3 Boat insurance tips to 'insure' fun on the water
July 14, 2016
You can feel summer’s imminent arrival, but as you begin to start planning your cottage adventures and lakeside excursions, you should definitely be thinking about planning for ‘on the water’ safety and checking out your boating insurance options. Half of all boating accidents result in injuries. Even if you've been captaining your vessel for years, what about the other guy? He might be a little unsteady on the water or even worse, he may not have insurance, so we’ve included three buying tips to help you find the best packages to ensure you are covered from bow to stern.
From the courtesy wave to helping to create waves, boaters tend to have that sense of camaraderie when out on the water. One way to gather information is to ask other boat owners who have had a claim in the past. Sure, you may find a company with a great premium, but how an insurance company reacts when something goes wrong is a better indicator of whether or not you will have a positive experience with that insurer. Your marina, broker, or repair yard may also be willing to provide a referral.
Have an Idea of your own Needs
Being prepared and doing your research on various packages and coverage can help safeguard you from any surprises. When you contact an insurance broker, take the time to explain exactly what type of boat you have and how you typically use it. For example, bass boaters may need fishing gear and tournament coverage as well as “cruising extensions” if a trailer is used to convey their boat to and from the water. Go with a company that best tailors to your needs.

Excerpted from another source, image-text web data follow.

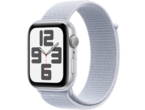 Смарт часовници Apple Watch SE2 GPS 44mm Silver Alu Case with Blue Cloud Sport Loop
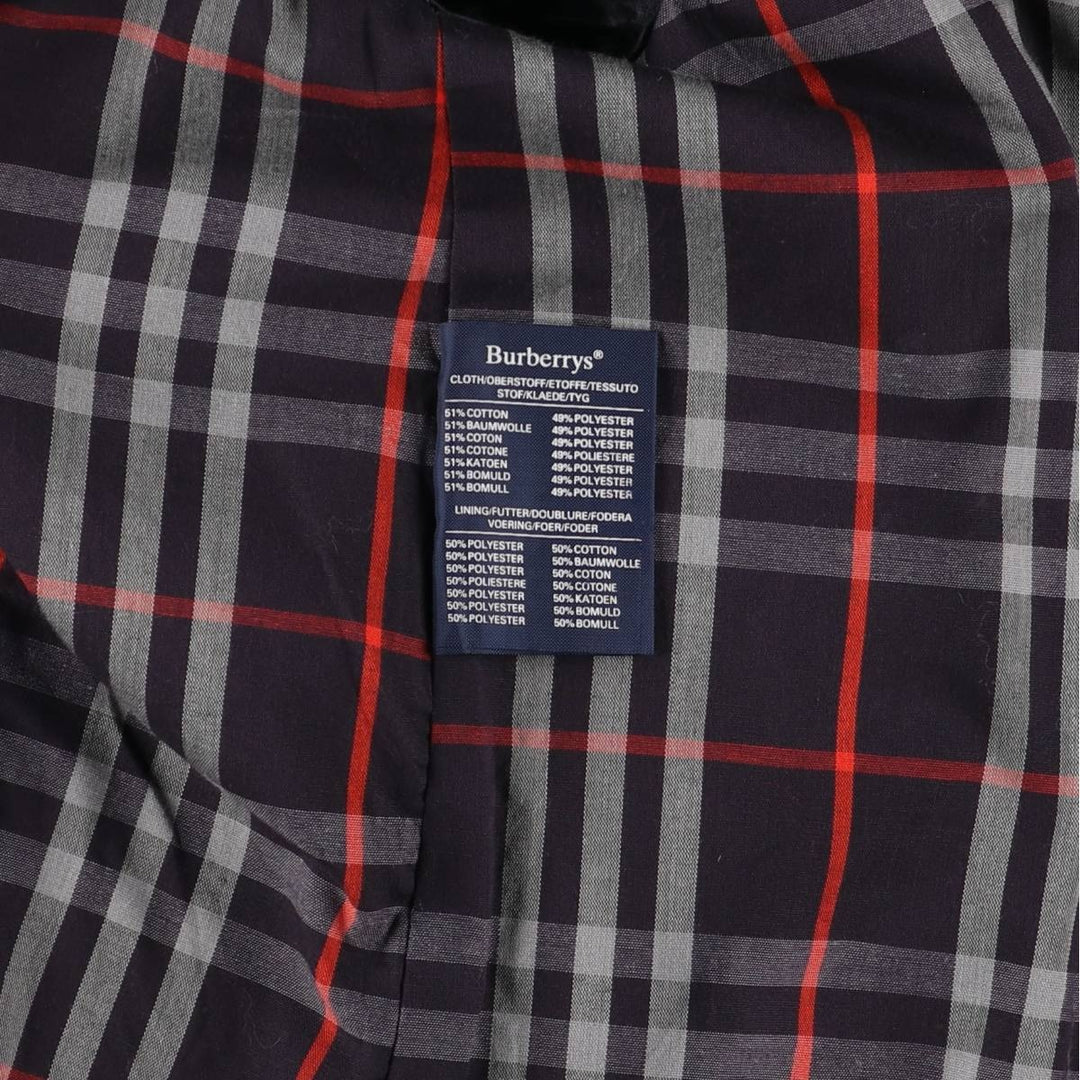 Burberry's trench coat, size M for men cotton navy blue type Vintage Second Hand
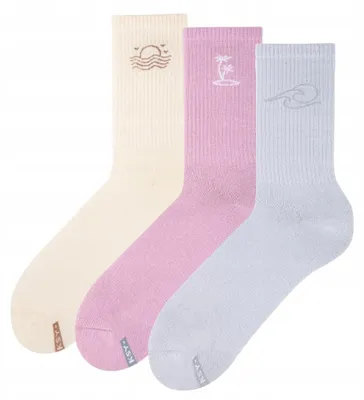 Produktbild von Zooksy Set Bunte Baumwollsocken Herren 41-46 3er-Pack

Have a Clue about Agreed Value vs. Actual Cash Value:
Boaters must choose between these two main choices with depreciation being the differentiating factor. An “agreed value” policy will cover your boat at the value you and your insurer agree on, yet typically will cost more upfront. However, there is no depreciation if your boat in an instance that it is a total loss. An “actual cash value” policy will cost less upfront, but factors in depreciation and will pay up to the actual cash value at the time the boat is declared a total or partial loss.